** Opening EXTRACTED ENTRIES block **

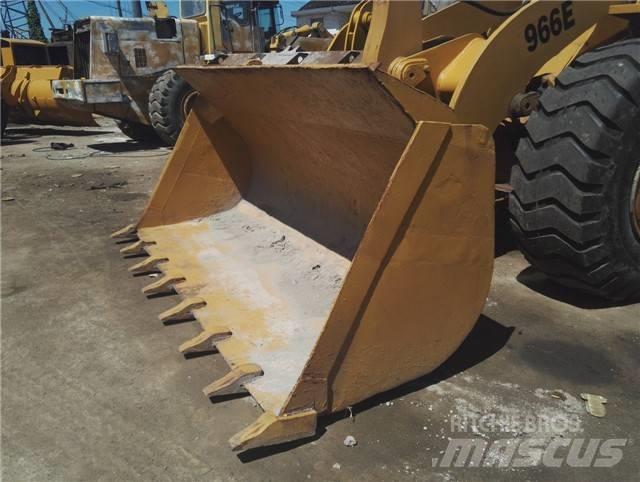 CAT 966 E Rataslaadurid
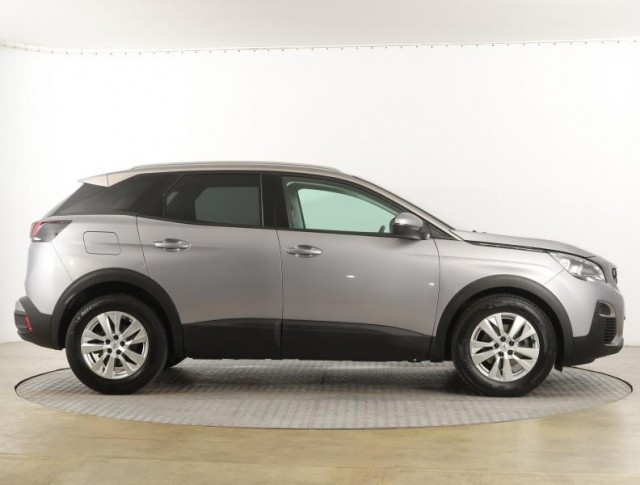 Peugeot 3008  1.2 PureTech Active Pack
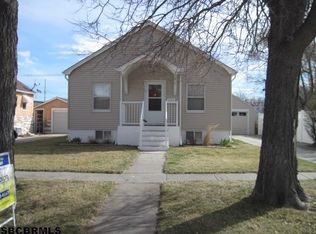2020 11th St, Gering, NE 69341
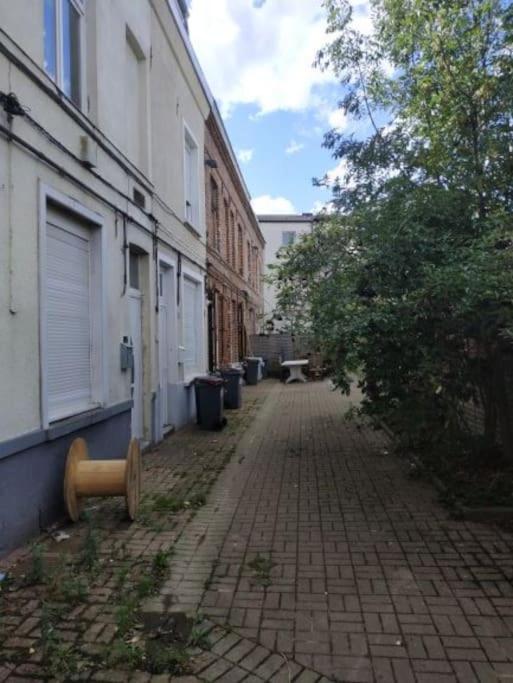 Fotografia z galérie ubytovania Maison au calme proche des transports v destinácii Lille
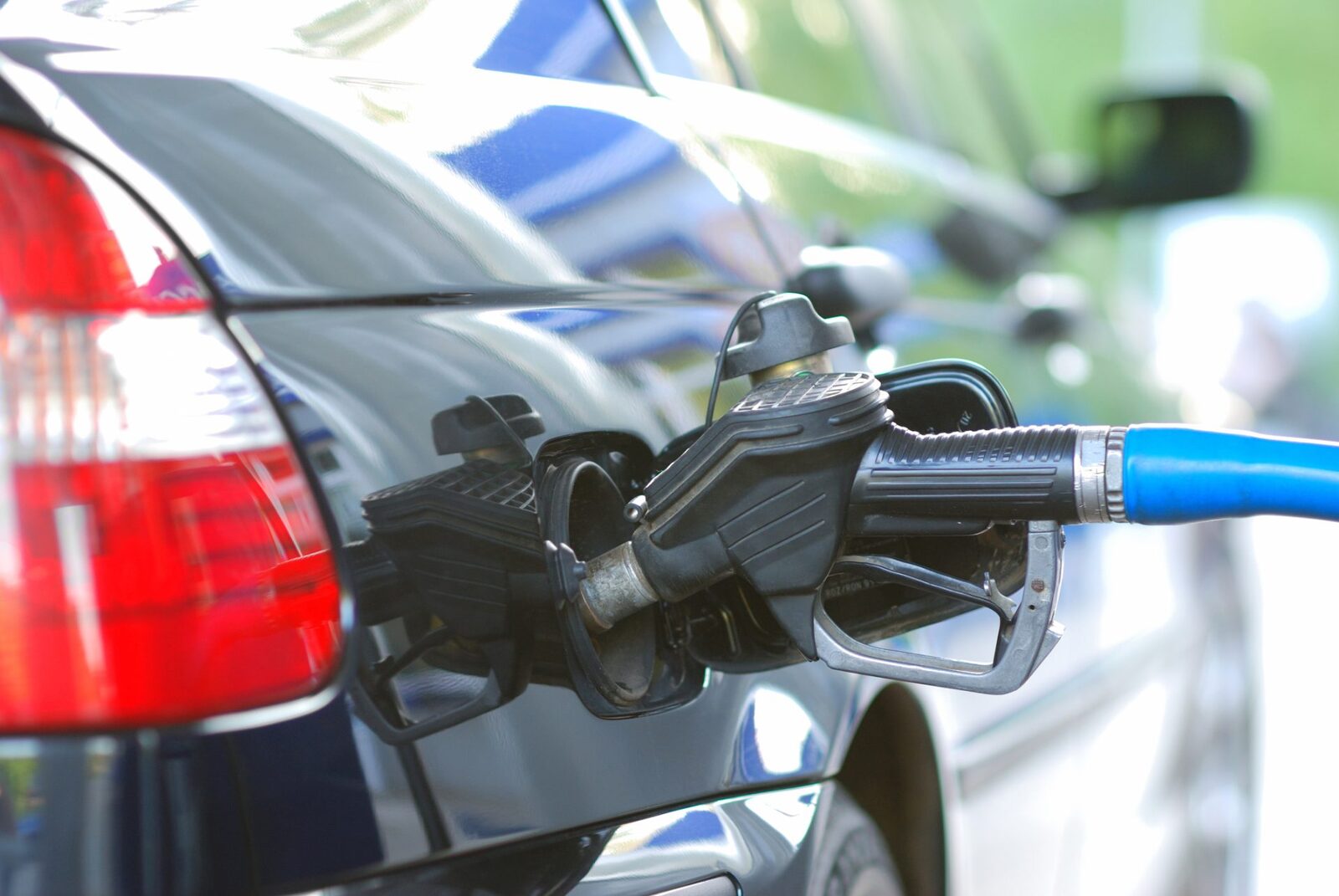 Carburanții nu se vor ieftini: Prețul crește, spune un expert după „oscilația” de joi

** Closing EXTRACTED ENTRIES block **

— EXERCISE INSTRUCTIONS —
Without the pictures, transcribe the listing exactly as it stands.

— COMPLETED EXERCISE —
 CAT 966 E Rataslaadurid
 Peugeot 3008  1.2 PureTech Active Pack
2020 11th St, Gering, NE 69341
 Fotografia z galérie ubytovania Maison au calme proche des transports v destinácii Lille
 Carburanții nu se vor ieftini: Prețul crește, spune un expert după „oscilația” de joi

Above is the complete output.